**DESCRIPTION OF THE TASK**
Reproduce the listing below character for character; drop every image.

**DATA PROVIDED**
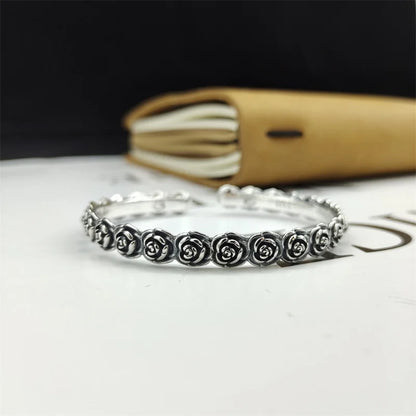 Garden Roses 925 Sterling Silver Bracelet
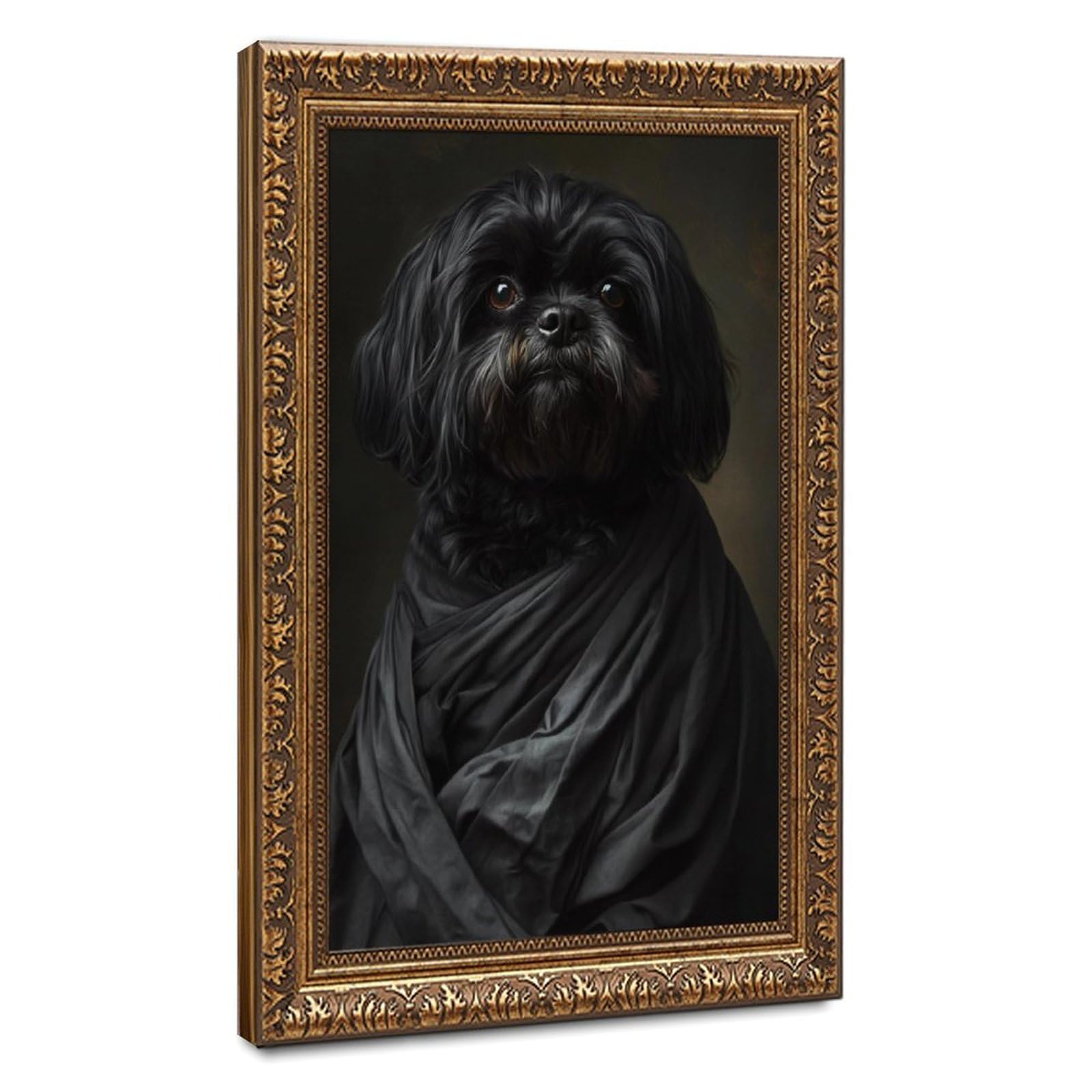 Pyberon Retro Gold Frame-Style Shih Tzu Canvas Poster For Bedroom Decor Gift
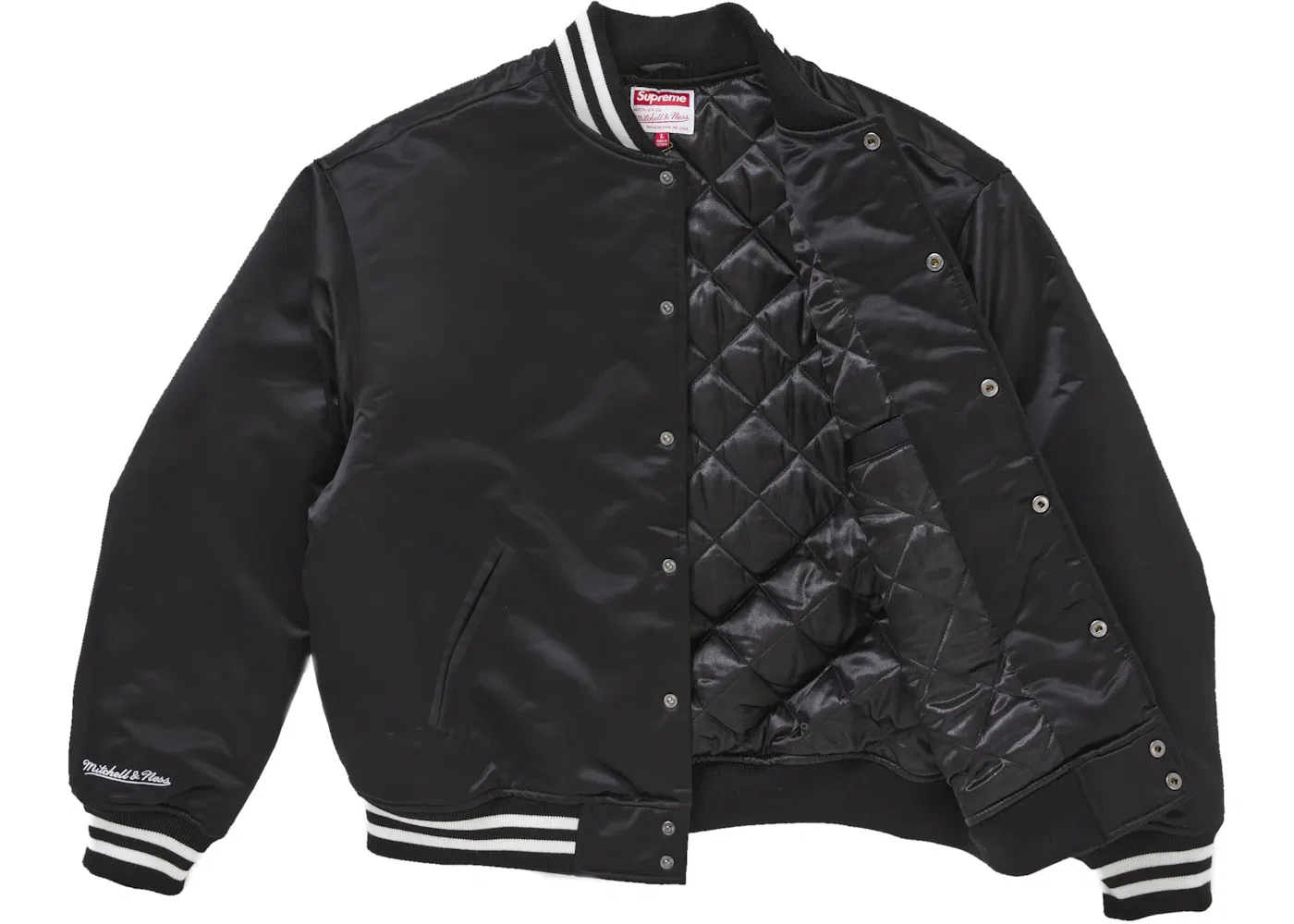 Мужская куртка-бомбер сатиновая Supreme Jacket (FW24), Black — фото 2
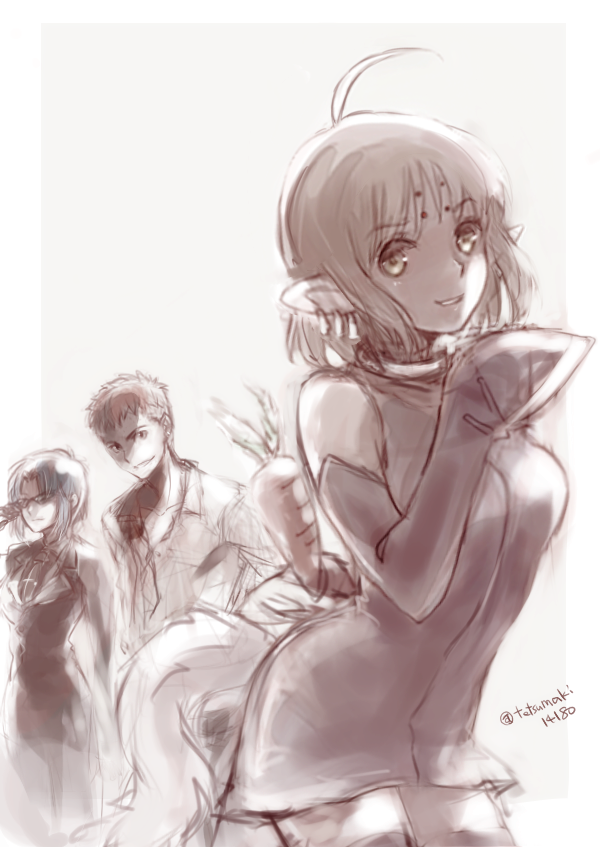 00s, 1boy, 2girls, blonde_hair, blue_eyes, blue_hair, carrot, ciel_(tsukihime)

**SOLUTION TO THE PROBLEM**
 Garden Roses 925 Sterling Silver Bracelet
 Pyberon Retro Gold Frame-Style Shih Tzu Canvas Poster For Bedroom Decor Gift
 Мужская куртка-бомбер сатиновая Supreme Jacket (FW24), Black — фото 2
 00s, 1boy, 2girls, blonde_hair, blue_eyes, blue_hair, carrot, ciel_(tsukihime)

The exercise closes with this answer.